**Problem to solve:**
Range to copy from the entries below: the line containing "166 Restless Wind" through the line containing "Coffee gelato in waffle cone.", inclusive. Retype only those lines, exactly, without any images.

**Available records:**
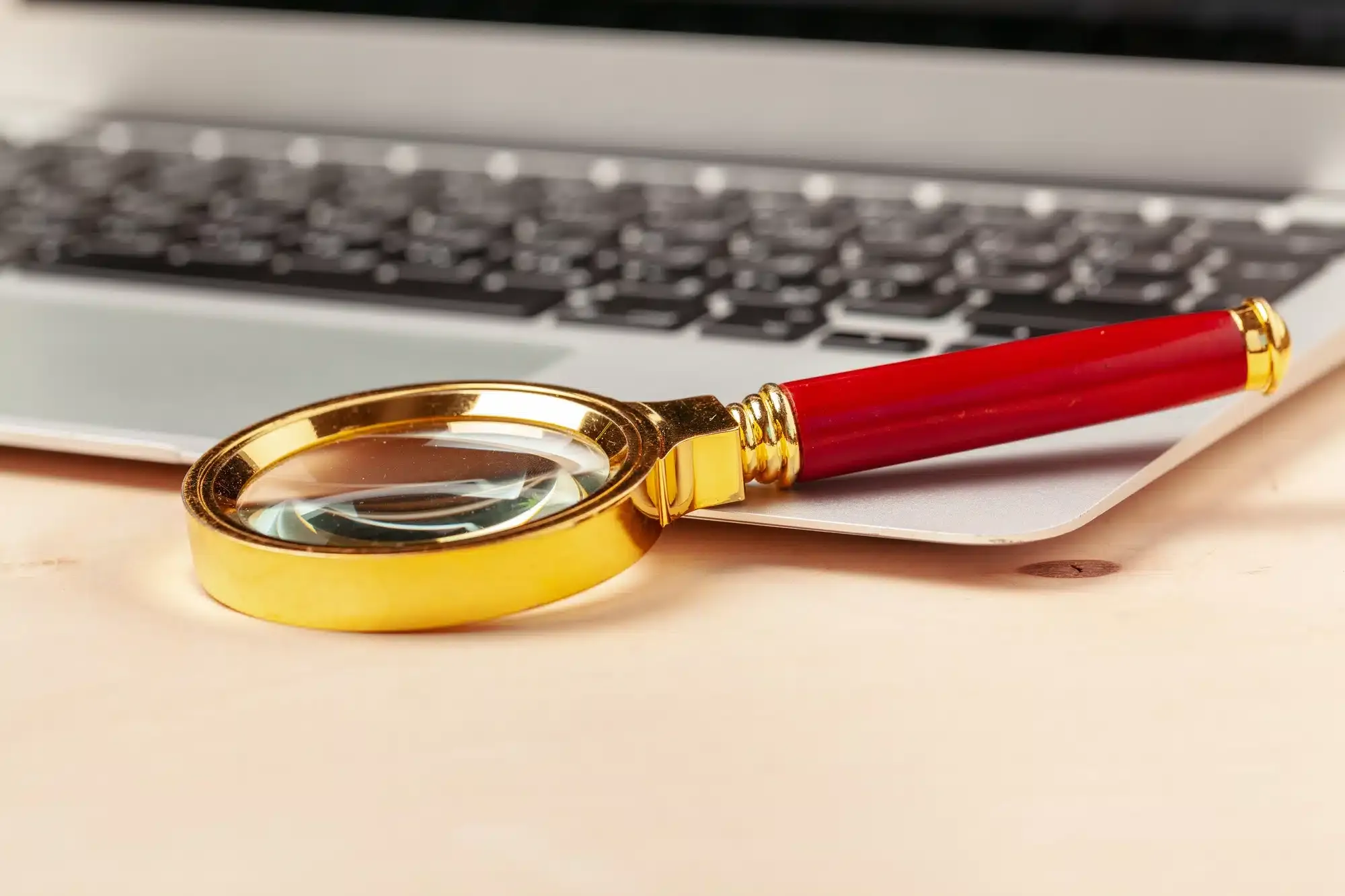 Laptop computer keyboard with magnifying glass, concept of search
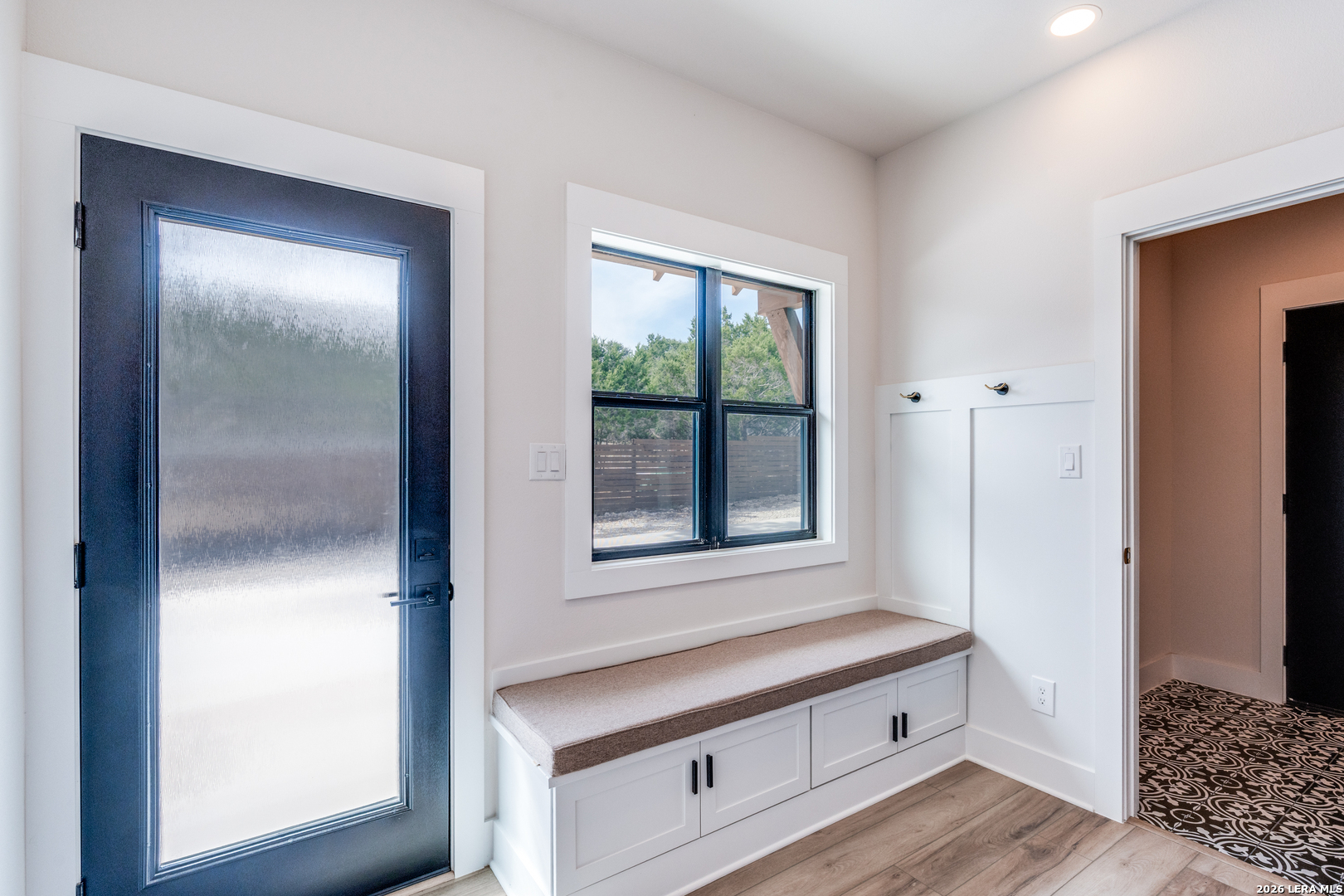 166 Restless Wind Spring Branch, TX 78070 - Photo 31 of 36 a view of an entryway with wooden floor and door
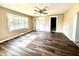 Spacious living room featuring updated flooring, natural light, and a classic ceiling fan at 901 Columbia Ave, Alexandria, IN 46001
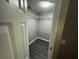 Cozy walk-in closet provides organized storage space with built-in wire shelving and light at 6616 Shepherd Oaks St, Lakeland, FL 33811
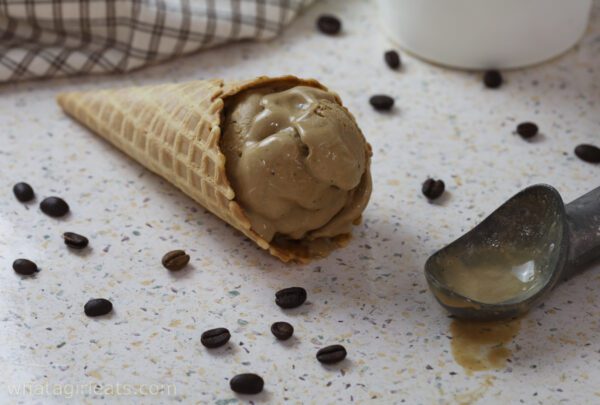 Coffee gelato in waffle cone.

==

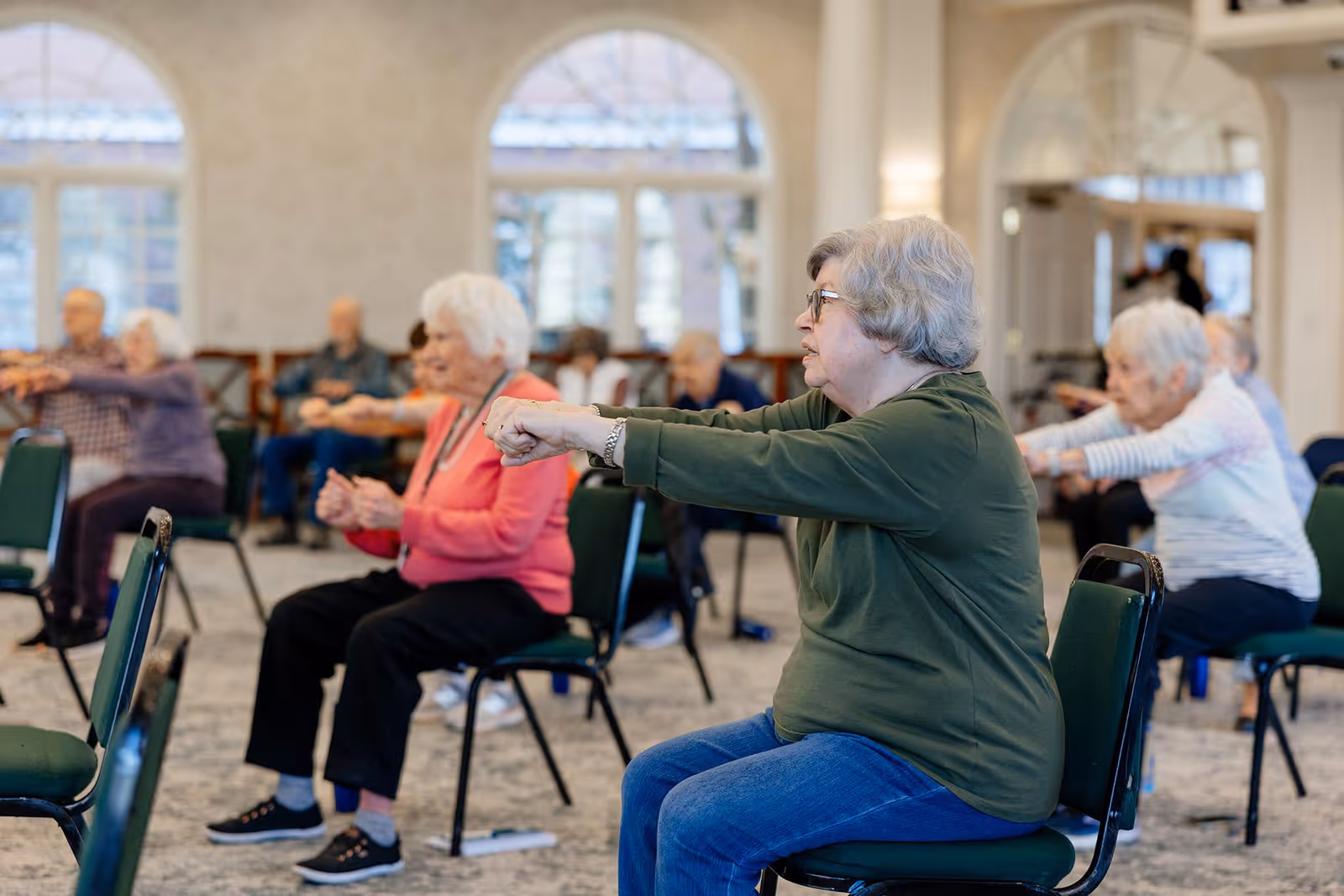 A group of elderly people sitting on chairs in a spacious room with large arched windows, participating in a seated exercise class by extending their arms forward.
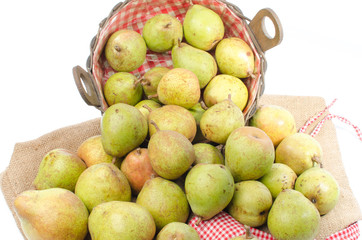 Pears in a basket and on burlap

**Exercise answer:**
 166 Restless Wind Spring Branch, TX 78070 - Photo 31 of 36 a view of an entryway with wooden floor and door
 Spacious living room featuring updated flooring, natural light, and a classic ceiling fan at 901 Columbia Ave, Alexandria, IN 46001
 Cozy walk-in closet provides organized storage space with built-in wire shelving and light at 6616 Shepherd Oaks St, Lakeland, FL 33811
 Coffee gelato in waffle cone.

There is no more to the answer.